This month will mark the 140 anniversary of the first telegraph to leave Humboldt’s Dominion Telegraph station on August 25, 1878.
 
Humboldt and District Museum and Gallery director Jennifer Fitzpatrick says we do not know what the message said, however, we know “first commercial telegraph message from Humboldt was sent by the Stobart Co. in Duck Lake to the Stobart Co. in Winnipeg,” she writes in the Original Humboldt history book. 
 
The message would have been sent in morse code, something Catherine Weldon, the first telegraph operator, was taught by her brother on the way over from Ireland.
 
During a time when telegraph was one of the only forms of communications connecting western Canada to the east, this anniversary speaks to the importance of communication, says Fitzpatrick.
 
“That’s the reason we built a replica of the telegraph line (at the site) is because we wanted people to understand and explain to them that this poplar pole and this wire had to be kept up across the country.
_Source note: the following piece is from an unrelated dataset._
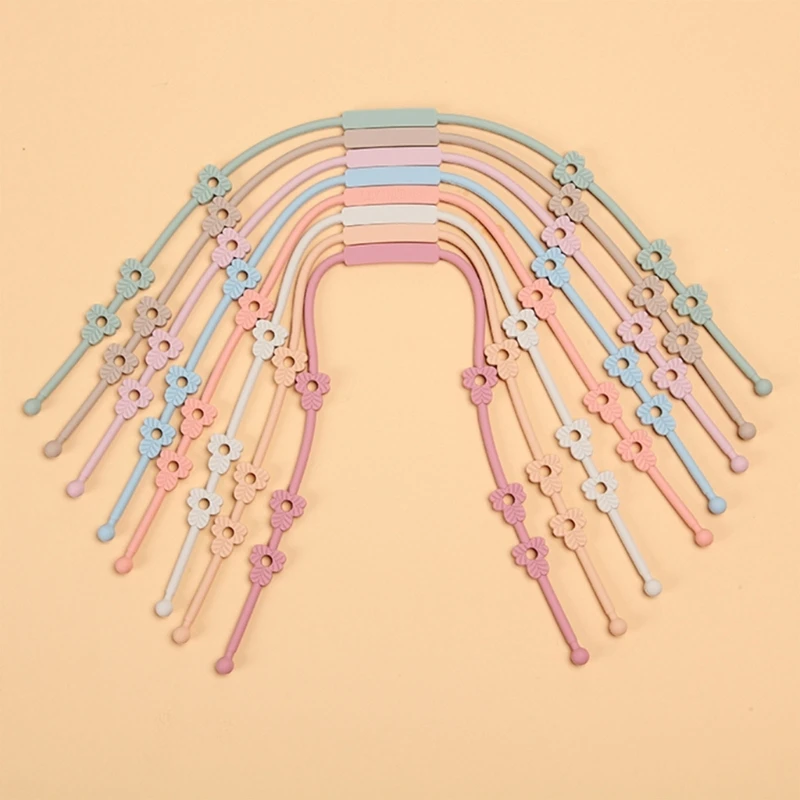 

Baby Pacifier Anti-drop Chain Clover shape Teether Chain Strap Silicone Chain Dummy Holder Hanging Chain Baby Accessories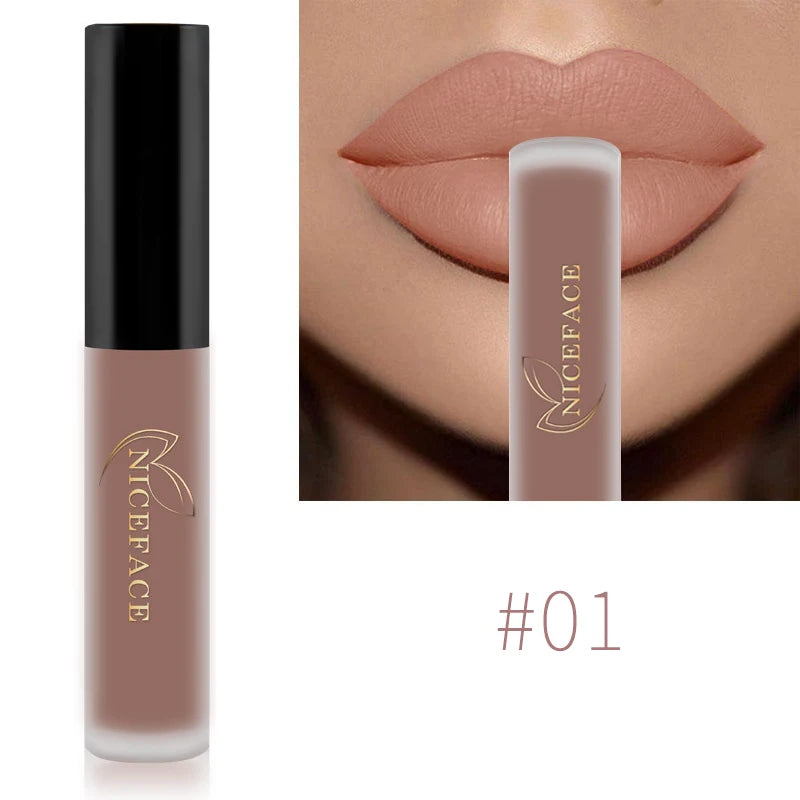 NICEFACE-Rouge à Lèvres Liquide Nude, Waterproof, Velours 256, Brcorporelle Longue Durée, Coupe Antiarina, Teinte Jules, Pigment de Maquillage, Cosmétiques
It’s really hard for people to wrap their heads around.”
 
With communication now being instantaneous, it is hard for people now to related to how isolated people were back in those days, she says.
 
However, we are not so different, says Fitzpatrick since, even today, people have trouble communicating, just in a different way compared to those who lived in 1878.
 
But Catherine and her family, including husband and linesman, George, daughter Birdie, and sister, Maggie, were far from the first to set foot on the Original Humboldt site back when they arrived in July 1878. Humboldt was a crossroads between a northwest divergence of the Carlton Trail and was well travelled by First Nation and Métis people, and traders who used the trail.
 
The Weldons’ hospitality was famous along the trail, says Fitzpatrick.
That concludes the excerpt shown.